By John Melloy, CNBC.com

A cascading crash in commodities beginning with silver a week ago spread to oil and copper as exchanges took steps to rein in speculation, economic data pointed to a global selloff and big name investors took profits.

Silver was the first to crack five trading days ago and is now down more than 27 percent since its high last Friday, including a 10 percent drop today alone. The silver panic forced traders to sell other hard assets to raise cash, with the selling spreading to oil and copper over the course of the last two days.

Oil fell below $100 Thursday, more than 13 percent from its high on May 2. Copper plunged more than 3 percent, extending losses from its high five days ago to greater than 7 percent. Selling in silver intensified this afternoon into the end of open outcry trading as traders borrowing on margin got a tap on the shoulder to pay up under the new CME requirements. Of all the declines, it was the participation of copper in the bloodbath that worried investors most.

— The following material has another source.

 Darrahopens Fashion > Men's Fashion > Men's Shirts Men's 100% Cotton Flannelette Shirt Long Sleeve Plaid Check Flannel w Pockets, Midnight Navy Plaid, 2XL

“I think of copper as a better indicator of economic activity than some of the other commodities,” said Karen Finerman, president of hedge fund Metropolitan Capital Advisors and a ‘Fast Money’ trader. “For example, oil can move on unrest in the Middle East and gold and silver can move more easily on speculation and some of these margin requirements.”

The CME has hiked silver margin requirements five times this month. The moves helped push silver down from within $1 of its highest price ever. Selling intensified this week after the Wall Street Journal reported that big investors like George Soros were taking profits in the metal. Yesterday, it was revealed that Carlos Slim, the richest person in the world, had begun to sell the metal.

But traders kept coming back to the drop in copper Thursday as the real reason for concern. Silver, like gold, is used as a store of value and has a history as an actual currency as well. The metal was therefore getting a similar speculative boost based on concern the Fed’s easy money policies are leading to inflation. It doesn’t have nearly the industrial use of copper, which is an essential component in construction.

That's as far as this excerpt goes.